Pretty interesting morning with plenty of action to investigate. The jobs number was just shy of abysmal, considering all the absurd downward revisions to previous numbers. The unemployment rate continues to be a fabrication as US labor participation rates are basically sitting at a generational low, and even the 169,000 jobs that were added in August were fairly flimsy. The markets have maintained the “bad news is good news” mantra that has catalyzed several legs of the 2013 rally, but we had a second piece of news that throttled markets shortly after the jobs number. Russian President Vladimir Putin injected some fear into the markets by stating that Russia would back Syria against any foreign attackers, namely the US. The S&P’s sell off from the morning’s initial highs accelerated on these comments, shaving roughly 20 points in 30 minutes. President Obama quickly issued a statement and took questions regarding the Syrian situation, reinforcing his stance that Assad’s use of chemical weapons should not be tolerated. The S&P quickly reversed off the lows and proceeded to grind higher over the next hour before settling in around 1,660, right back at the morning highs.
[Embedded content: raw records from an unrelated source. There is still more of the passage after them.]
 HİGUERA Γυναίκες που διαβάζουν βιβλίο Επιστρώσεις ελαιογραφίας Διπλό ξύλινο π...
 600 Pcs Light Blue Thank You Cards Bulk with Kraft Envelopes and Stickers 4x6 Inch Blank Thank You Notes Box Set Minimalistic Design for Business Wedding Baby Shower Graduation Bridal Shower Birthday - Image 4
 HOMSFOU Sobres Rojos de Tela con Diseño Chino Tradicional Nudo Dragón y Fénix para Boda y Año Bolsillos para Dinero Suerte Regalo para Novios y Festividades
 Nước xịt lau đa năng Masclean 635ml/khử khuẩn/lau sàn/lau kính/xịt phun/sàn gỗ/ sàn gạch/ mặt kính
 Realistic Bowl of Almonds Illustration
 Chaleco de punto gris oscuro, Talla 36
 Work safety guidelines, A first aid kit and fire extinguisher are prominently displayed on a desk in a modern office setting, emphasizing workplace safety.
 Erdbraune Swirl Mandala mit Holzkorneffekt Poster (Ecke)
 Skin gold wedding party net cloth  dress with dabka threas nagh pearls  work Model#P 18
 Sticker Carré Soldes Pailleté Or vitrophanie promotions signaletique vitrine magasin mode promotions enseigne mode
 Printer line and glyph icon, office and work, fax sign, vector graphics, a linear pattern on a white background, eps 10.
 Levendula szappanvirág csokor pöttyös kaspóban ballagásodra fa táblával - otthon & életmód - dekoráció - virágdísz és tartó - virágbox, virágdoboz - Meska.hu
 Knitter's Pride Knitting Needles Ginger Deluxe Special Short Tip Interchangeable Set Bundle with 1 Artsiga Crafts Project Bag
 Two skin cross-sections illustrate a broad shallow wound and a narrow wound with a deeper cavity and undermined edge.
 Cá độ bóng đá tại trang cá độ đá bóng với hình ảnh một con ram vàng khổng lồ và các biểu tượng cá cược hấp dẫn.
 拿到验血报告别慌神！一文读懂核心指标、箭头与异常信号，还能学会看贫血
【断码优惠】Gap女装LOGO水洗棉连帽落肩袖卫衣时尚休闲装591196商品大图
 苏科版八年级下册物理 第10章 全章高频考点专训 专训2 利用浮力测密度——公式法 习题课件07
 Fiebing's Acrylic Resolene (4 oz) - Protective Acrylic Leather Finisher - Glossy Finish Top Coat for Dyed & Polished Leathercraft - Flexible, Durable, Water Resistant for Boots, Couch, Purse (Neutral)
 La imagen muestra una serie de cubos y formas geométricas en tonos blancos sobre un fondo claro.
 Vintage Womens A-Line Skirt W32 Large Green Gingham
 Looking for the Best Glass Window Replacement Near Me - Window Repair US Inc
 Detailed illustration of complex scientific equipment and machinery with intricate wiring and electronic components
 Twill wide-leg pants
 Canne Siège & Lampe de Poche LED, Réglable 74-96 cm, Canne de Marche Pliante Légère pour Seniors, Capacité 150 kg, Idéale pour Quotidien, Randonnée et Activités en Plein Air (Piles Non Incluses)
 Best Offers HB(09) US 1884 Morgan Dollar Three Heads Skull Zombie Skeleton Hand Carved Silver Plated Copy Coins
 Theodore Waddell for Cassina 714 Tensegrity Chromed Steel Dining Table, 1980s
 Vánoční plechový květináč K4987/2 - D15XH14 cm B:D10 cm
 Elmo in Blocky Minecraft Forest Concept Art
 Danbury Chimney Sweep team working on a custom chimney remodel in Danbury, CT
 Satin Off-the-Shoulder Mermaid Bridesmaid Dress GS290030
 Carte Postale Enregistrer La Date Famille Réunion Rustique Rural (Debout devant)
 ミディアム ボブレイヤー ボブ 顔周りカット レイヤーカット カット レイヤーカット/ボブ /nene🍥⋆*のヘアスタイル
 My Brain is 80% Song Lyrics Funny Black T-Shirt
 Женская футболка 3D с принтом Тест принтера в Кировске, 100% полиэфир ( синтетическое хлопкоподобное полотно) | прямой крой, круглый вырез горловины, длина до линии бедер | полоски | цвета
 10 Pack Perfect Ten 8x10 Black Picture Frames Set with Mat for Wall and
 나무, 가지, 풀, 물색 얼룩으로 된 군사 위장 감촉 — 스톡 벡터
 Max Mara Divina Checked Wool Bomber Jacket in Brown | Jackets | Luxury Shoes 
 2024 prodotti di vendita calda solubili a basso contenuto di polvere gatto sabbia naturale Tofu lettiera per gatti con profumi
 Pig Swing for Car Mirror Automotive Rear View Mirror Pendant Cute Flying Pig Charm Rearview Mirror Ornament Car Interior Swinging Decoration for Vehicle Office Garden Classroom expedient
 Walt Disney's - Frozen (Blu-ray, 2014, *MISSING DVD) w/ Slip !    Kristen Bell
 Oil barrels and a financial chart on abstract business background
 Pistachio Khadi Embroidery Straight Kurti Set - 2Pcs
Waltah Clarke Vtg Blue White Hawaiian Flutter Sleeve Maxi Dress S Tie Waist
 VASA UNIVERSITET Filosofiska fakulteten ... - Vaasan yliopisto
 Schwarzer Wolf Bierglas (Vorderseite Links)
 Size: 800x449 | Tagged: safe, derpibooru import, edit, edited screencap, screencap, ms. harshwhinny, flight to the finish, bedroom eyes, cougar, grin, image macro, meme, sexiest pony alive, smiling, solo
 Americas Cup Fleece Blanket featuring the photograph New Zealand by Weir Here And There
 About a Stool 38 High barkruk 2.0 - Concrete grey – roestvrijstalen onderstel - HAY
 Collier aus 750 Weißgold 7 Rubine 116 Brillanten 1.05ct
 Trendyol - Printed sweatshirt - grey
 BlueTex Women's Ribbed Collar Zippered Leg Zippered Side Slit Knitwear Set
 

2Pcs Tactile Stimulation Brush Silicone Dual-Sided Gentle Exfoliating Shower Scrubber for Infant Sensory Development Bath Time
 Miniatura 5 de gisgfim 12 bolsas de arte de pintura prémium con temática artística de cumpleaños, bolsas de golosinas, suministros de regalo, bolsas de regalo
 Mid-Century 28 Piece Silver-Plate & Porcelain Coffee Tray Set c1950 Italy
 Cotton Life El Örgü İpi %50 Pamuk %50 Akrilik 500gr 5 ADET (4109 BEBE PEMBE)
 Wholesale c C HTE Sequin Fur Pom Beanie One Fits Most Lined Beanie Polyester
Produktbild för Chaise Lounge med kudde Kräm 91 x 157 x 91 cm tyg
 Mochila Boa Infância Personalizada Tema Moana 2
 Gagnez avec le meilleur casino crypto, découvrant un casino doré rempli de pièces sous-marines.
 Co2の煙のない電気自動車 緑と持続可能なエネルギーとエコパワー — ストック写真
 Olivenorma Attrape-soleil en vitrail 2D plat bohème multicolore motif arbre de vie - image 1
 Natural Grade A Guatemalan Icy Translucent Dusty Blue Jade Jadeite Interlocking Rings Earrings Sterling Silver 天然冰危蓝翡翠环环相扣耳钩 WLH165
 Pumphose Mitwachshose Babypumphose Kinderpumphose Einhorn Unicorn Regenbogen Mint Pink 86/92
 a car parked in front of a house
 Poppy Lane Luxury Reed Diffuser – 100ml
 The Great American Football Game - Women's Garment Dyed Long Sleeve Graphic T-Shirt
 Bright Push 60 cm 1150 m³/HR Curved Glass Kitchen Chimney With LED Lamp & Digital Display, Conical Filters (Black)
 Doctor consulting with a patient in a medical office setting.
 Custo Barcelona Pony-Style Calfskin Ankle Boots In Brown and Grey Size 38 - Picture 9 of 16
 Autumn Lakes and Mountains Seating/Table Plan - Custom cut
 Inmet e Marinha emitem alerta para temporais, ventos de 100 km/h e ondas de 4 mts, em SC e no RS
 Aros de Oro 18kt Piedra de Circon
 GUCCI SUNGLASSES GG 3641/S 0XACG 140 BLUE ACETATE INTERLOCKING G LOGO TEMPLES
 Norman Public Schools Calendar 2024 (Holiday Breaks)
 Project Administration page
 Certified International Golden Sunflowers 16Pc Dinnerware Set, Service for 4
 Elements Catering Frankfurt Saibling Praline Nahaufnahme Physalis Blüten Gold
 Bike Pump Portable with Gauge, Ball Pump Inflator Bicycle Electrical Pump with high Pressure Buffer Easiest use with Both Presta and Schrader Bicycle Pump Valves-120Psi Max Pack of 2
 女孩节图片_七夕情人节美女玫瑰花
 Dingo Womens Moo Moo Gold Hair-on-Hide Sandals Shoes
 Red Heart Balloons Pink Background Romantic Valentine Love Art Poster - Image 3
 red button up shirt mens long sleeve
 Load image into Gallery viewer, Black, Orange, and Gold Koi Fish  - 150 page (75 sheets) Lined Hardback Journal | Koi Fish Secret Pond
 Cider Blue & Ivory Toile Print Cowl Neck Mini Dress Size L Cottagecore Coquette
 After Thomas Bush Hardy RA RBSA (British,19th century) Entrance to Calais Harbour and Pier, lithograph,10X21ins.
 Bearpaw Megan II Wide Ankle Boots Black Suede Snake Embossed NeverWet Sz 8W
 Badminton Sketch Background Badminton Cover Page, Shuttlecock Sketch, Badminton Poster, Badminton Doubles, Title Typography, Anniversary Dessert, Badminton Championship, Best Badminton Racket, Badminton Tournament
ImageSeveral stocks followed the broader markets V movement, with names such as $AAPL, $GMCR and $GOOG moving lower before eventually recouping early losses. In the case of $GMCR, we saw heavy put volume in the September $80 contracts that caught our eye, and we initiated a position at $1.86 that is working nicely for us at the moment. We also attempted to play a continuation trade in $IMMU that did not work out as the stock lost momentum, and we took a small loss. We’ll stick with the $GMCR trade as long as it continues to fade towards session lows, which could make for a nice day trade.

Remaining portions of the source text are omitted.